Install the Web3Auth Node SDK

• npm
• Yarn
• pnpm
• Bun

npm install --save @web3auth/node-sdk

yarn add @web3auth/node-sdk

pnpm add @web3auth/node-sdk

bun add @web3auth/node-sdk

1. Custom authentication setup (required)

The Node.js SDK only supports custom authentication. You must create a custom auth connection:

1. Go to the Embedded Wallets dashboard.
2. Select your project.
3. Navigate to Authentication → Custom connections.
4. Click Create connections.
5. Configure your auth connection with your custom JWT details.

info

You can refer to the Custom JWT Setup guide to learn more.

2. SDK configuration

Create a Web3Auth instance with your client ID, web3auth network name, and chain information:

const { Web3Auth } = require('@web3auth/node-sdk')

const web3auth = new Web3Auth({
  clientId: 'YOUR_WEB3AUTH_CLIENT_ID', // Pass your Web3Auth Client ID, ideally using an environment variable // Get your Client ID from Embedded Wallets dashboard
  web3AuthNetwork: 'sapphire_mainnet', // or 'sapphire_devnet'
})

note

The chain information is optional and will be used to setup the provider for connecting to the chain.

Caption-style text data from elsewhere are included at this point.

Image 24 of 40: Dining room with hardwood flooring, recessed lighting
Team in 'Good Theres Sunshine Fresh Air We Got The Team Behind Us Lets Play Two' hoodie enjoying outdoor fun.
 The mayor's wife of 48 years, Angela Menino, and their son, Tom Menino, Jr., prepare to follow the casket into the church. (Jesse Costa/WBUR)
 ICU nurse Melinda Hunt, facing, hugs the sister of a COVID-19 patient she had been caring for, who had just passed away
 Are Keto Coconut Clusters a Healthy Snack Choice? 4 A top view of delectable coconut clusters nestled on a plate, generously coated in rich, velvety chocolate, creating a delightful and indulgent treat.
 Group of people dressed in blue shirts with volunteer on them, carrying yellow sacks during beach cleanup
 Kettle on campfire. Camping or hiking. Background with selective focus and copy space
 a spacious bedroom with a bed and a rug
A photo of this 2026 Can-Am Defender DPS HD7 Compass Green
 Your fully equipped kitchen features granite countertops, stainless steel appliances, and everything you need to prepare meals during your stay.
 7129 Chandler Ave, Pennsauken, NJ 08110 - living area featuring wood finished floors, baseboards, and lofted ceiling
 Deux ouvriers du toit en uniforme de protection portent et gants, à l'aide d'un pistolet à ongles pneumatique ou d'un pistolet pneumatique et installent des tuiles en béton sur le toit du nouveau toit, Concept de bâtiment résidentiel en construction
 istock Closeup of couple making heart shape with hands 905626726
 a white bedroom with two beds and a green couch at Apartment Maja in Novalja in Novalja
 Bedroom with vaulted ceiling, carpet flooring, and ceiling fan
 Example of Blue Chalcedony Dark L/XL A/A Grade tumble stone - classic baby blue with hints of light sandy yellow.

If not provided, the first chain in the list will be used.

3. Initialize Embedded Wallets

Initialize the Web3Auth instance during your application startup:

await web3auth.init()

4. Authenticate users

Use the connect method with your custom authentication parameters:

const result = await web3auth.connect({
  authConnectionId: 'YOUR_AUTH_CONNECTION_ID', // Your custom authentication connection name
  idToken: 'USER_ID_TOKEN', // JWT token from your auth system
})

Configuration options

• Basic Configuration
• Advanced Configuration

const { Web3Auth } = require('@web3auth/node-sdk')

const web3auth = new Web3Auth({
  clientId: 'YOUR_WEB3AUTH_CLIENT_ID', // Pass your Web3Auth Client ID, ideally using an environment variable
  web3AuthNetwork: 'sapphire_mainnet', // or 'sapphire_devnet'
})

await web3auth.init()

const { Web3Auth } = require('@web3auth/node-sdk')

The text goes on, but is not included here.